Sneaking a little peak into David Whyte’s essay on “Naming,” I see that he suggests that we name things in order to control them. I hadn’t thought about it that way, but giving something a title does suggest some kind of mastery.
When I named my children, I wasn’t looking for control, but I certainly examined every other aspect. A good name had to have a shortened version, I thought, for when they were young: a version for snuggling and teasing and playing. A child’s full name should have lots of syllables. When angry or frustrated, calling out the entire name, one emphatic syllable at a time, is much like counting to ten before reacting. It gave me, and the offending child, a moment to think.
I believed their names ought to be something that would adapt well to any situation. So that, if they grew up to be doctors, or lawyers, or the president, for heaven’s sake, the name would hold up to the position. There were no “Bill”s or “Tom”s serving in the highest office of the land! This was before Jimmy Carter tossed that theory out the window. The names of my children would stand up to any possibility, because I believed they would be capable of anything.

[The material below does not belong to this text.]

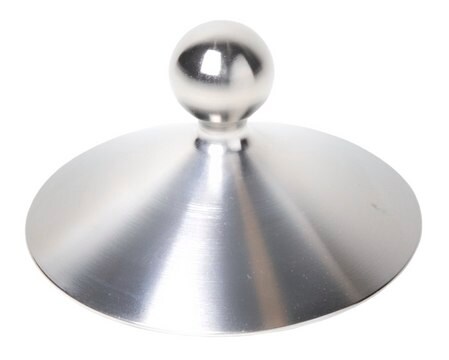MAS-100 Iso NT&#174; Dust Cover stainless steel, Protection of MAS-100 Iso sampling heads from dust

Names should not be mock-able. My daughters would take on an unusual surname; there was no choice in that. We were careful, though, to avoid rhyming sounds or alliteration. We considered “Rebecca,” but balked because the shorted version would be Becky. Becky Bonesteel was not a good sound.
Names ought to have a solid and dignified history. Other people that carry the same name can influence how that child is perceived in the world. Which is probably why Adolf is such an uncommon moniker.
I loved the name Jennifer. Misgivings came from one girl – not in my grade – from elementary school, named Jenni, who wore raggedy clothes. They were over-ridden by another child called Jennifer, who was always clean and neat and had beautiful long dark braids. My husband and I saw the movie, Jenny, starring Alan Alda and Marlo Thomas. I loved Marlo Thomas, too. So, Jennifer was the name chosen for my first child. For her middle name, I chose Marietta. Sister Marietta was my fourth grade teacher, as kind as she was beautiful. Jennifer Marietta. Jenny.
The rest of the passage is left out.